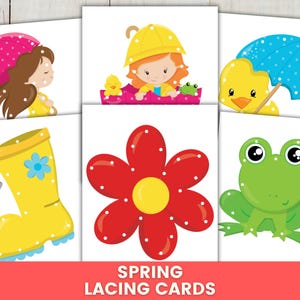 May include: A collection of spring-themed lacing cards with bright illustrations. The cards depict a girl with an umbrella, a duck with an umbrella, a yellow wellington boot, a red flower, and a green frog. The text "SPRING LACING CARDS" is at the bottom.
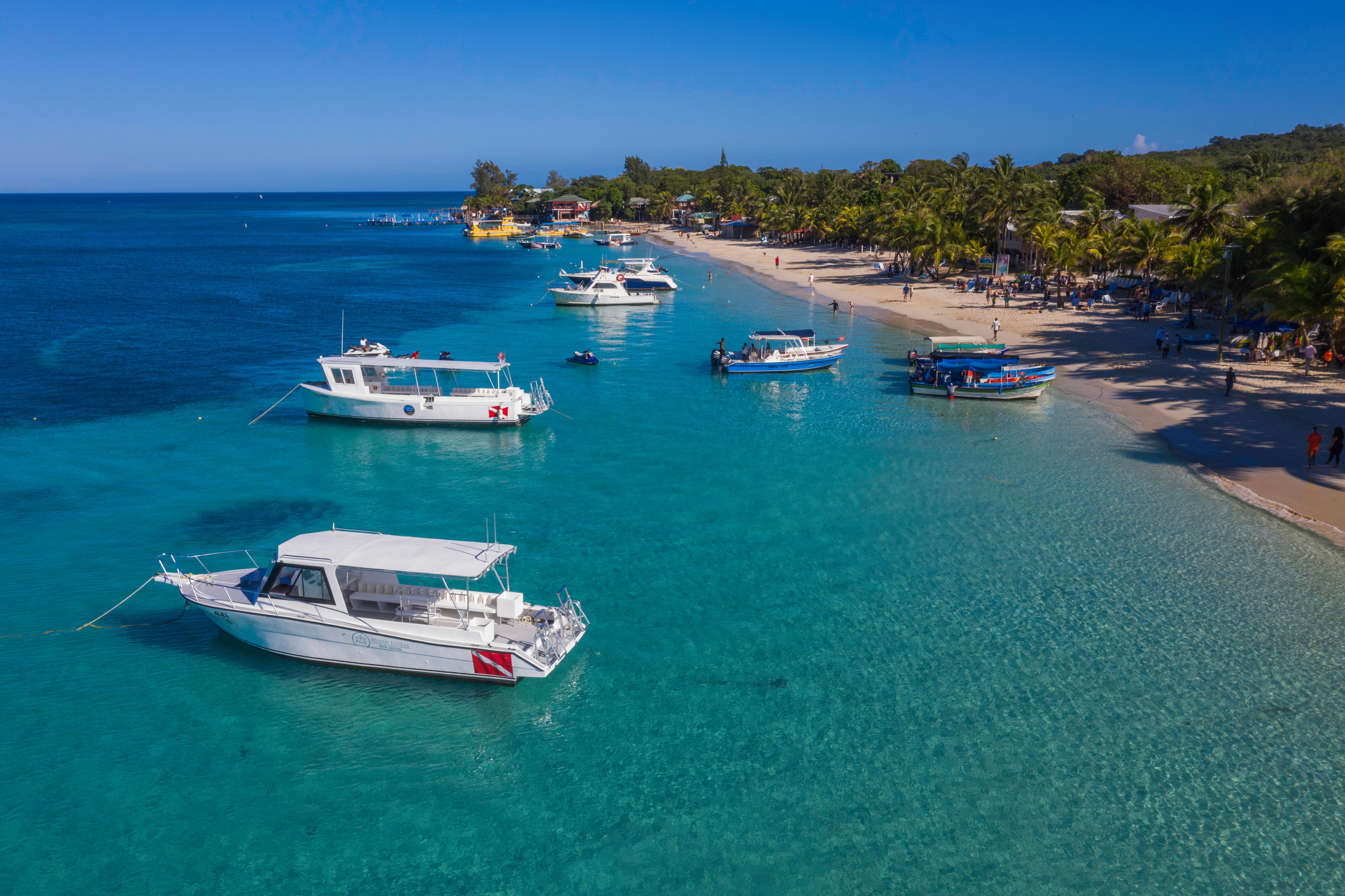 Boats on tropical beach in Honduras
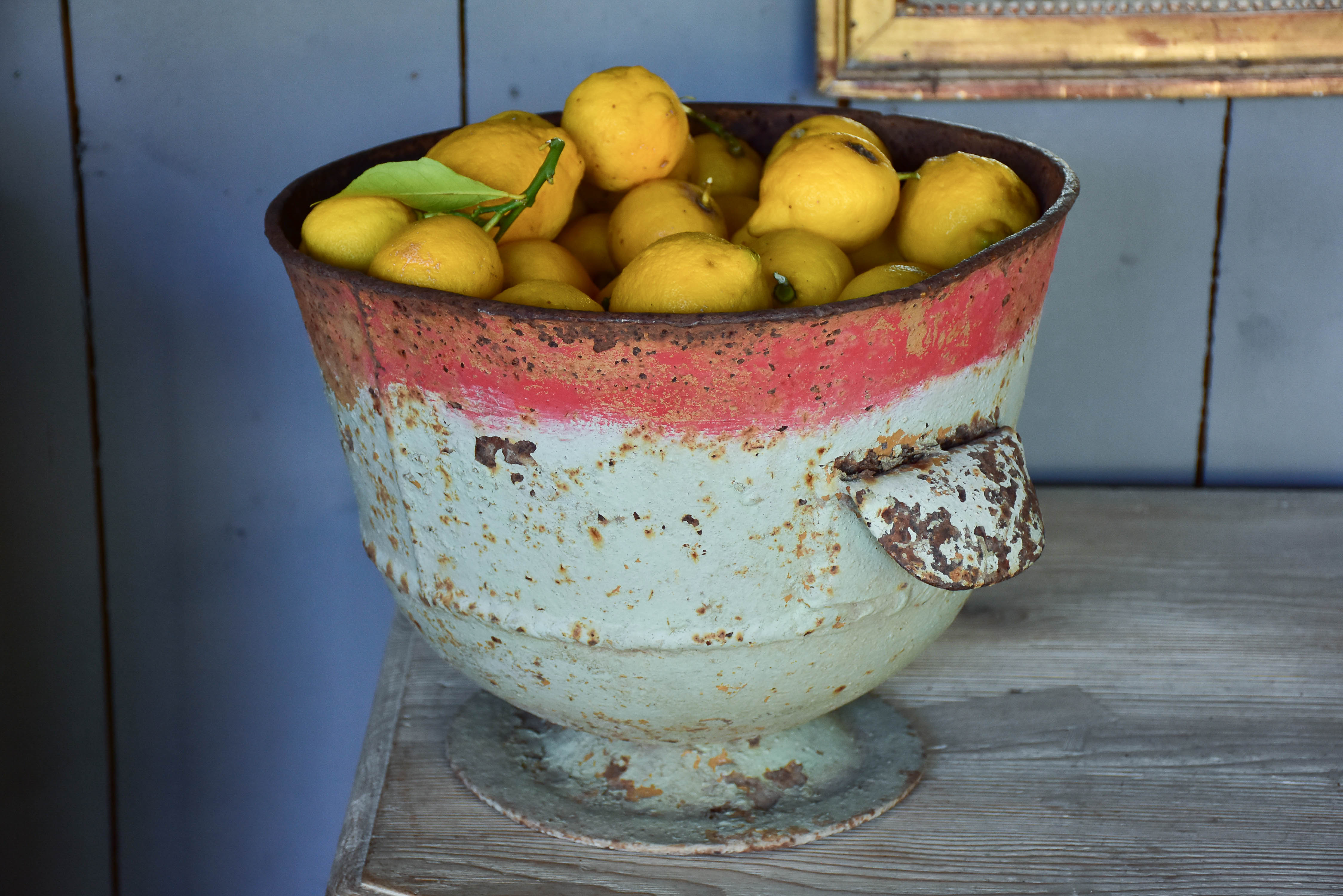 Rustic French planter with aqua and red patina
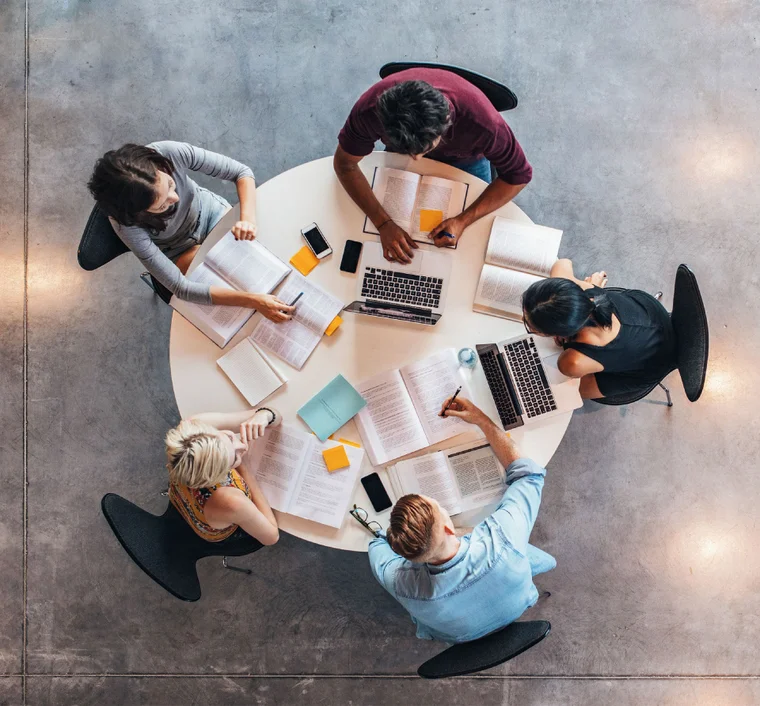 group of people sitting at round table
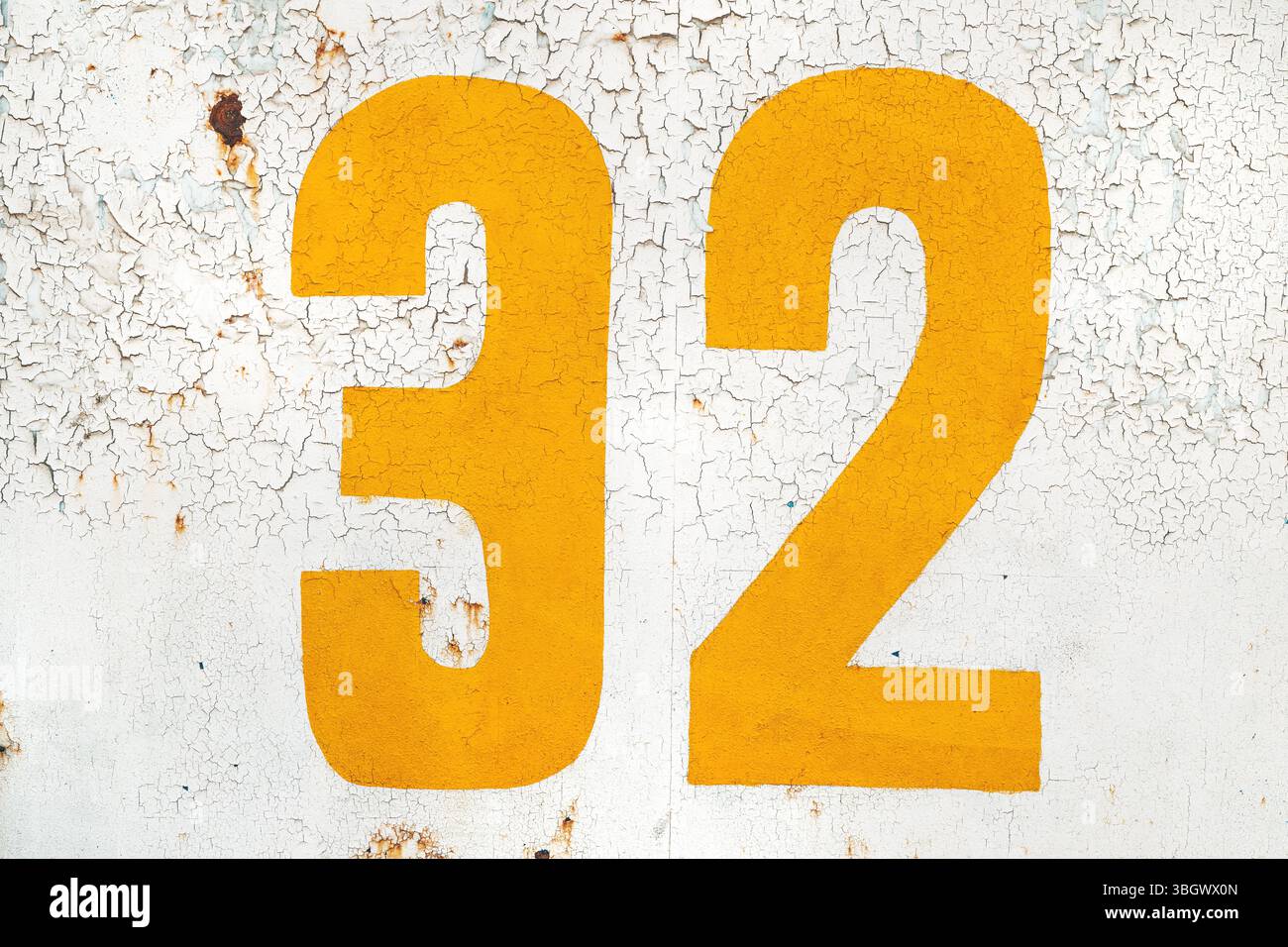 Numéro jaune trente-deux sur le mur blanc grunge comme fond Banque D'Images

### [REQUIRED WORK]
Output the records verbatim, every one of them, and keep the pictures out.

### [EXERCISE SOLUTION]
 May include: A collection of spring-themed lacing cards with bright illustrations. The cards depict a girl with an umbrella, a duck with an umbrella, a yellow wellington boot, a red flower, and a green frog. The text "SPRING LACING CARDS" is at the bottom.
 Boats on tropical beach in Honduras
 Rustic French planter with aqua and red patina
 group of people sitting at round table
 Numéro jaune trente-deux sur le mur blanc grunge comme fond Banque D'Images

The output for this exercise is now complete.